Provision of free vitamin D supplements during the pandemic in England
During the COVID-19 pandemic, the government provided over 900,000 vitamin D supplements to people in England who were clinically extremely vulnerable and people in care homes who were most at risk of vitamin D deficiency through greatly reduced access to the outdoors. Now that COVID-19 social restrictions have been lifted and as we manage living with COVID-19, we want to consider how we improve the population’s vitamin D status, particularly amongst these at risk groups.
Healthy Start Vitamins
Healthy Start is a statutory scheme which provides £4.25 per week for pregnant woman and children aged under 4 and over one year, and £8.50 for children under one year, to be spent on fruit, vegetables, pulses, milk and infant formula. Healthy Start beneficiaries are also able to access free vitamins.
Eligibility for Healthy Start is linked to pregnancy and/or having children under the age of 4 years and to the receipt of prescribed benefits and tax credits. All pregnant women aged under 18 years are also eligible for Healthy Start, regardless of income.
Healthy Start Vitamins are available for women and children.

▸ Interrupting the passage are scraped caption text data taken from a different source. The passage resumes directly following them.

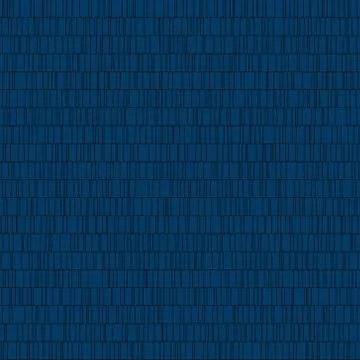 Abstract Seamless Pattern 스톡 일러스트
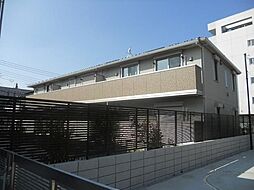 グランシャリオ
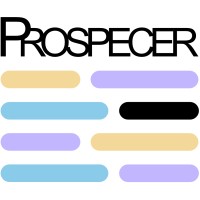 Prospecer | The Operation System for Interior Designers logo - Similar company to Render Image Srl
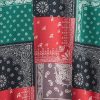 Bluza z bandaną o dużej wadze i rozmiarze oversize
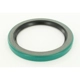 Purchase Top-Quality Input Shaft Seal by SKF - 26640 pa2
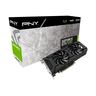 PNY GTX1060 - 6GB Dual Retail 1xDVI/3xDP/1xHDMI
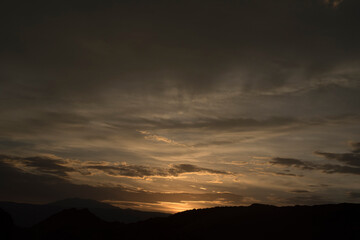 Cielos del Caribe, Puerto Rico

Pregnant women and new mothers can receive a free dietary supplement which contains folic acid, vitamin C and vitamin D. Children under the age of 4 years can receive a supplement which contains vitamin A, vitamin C and vitamin D. Local authorities and NHS organisations are responsible for distributing vitamins at local level, through outlets such as ante-natal appointments, health visitors and health clinics.
As the Healthy Start Vitamins is run at local level there are no centralized figures on uptake. However, anecdotally, we understand that uptake is low.
We are interested in access and availability to vitamin D supplements.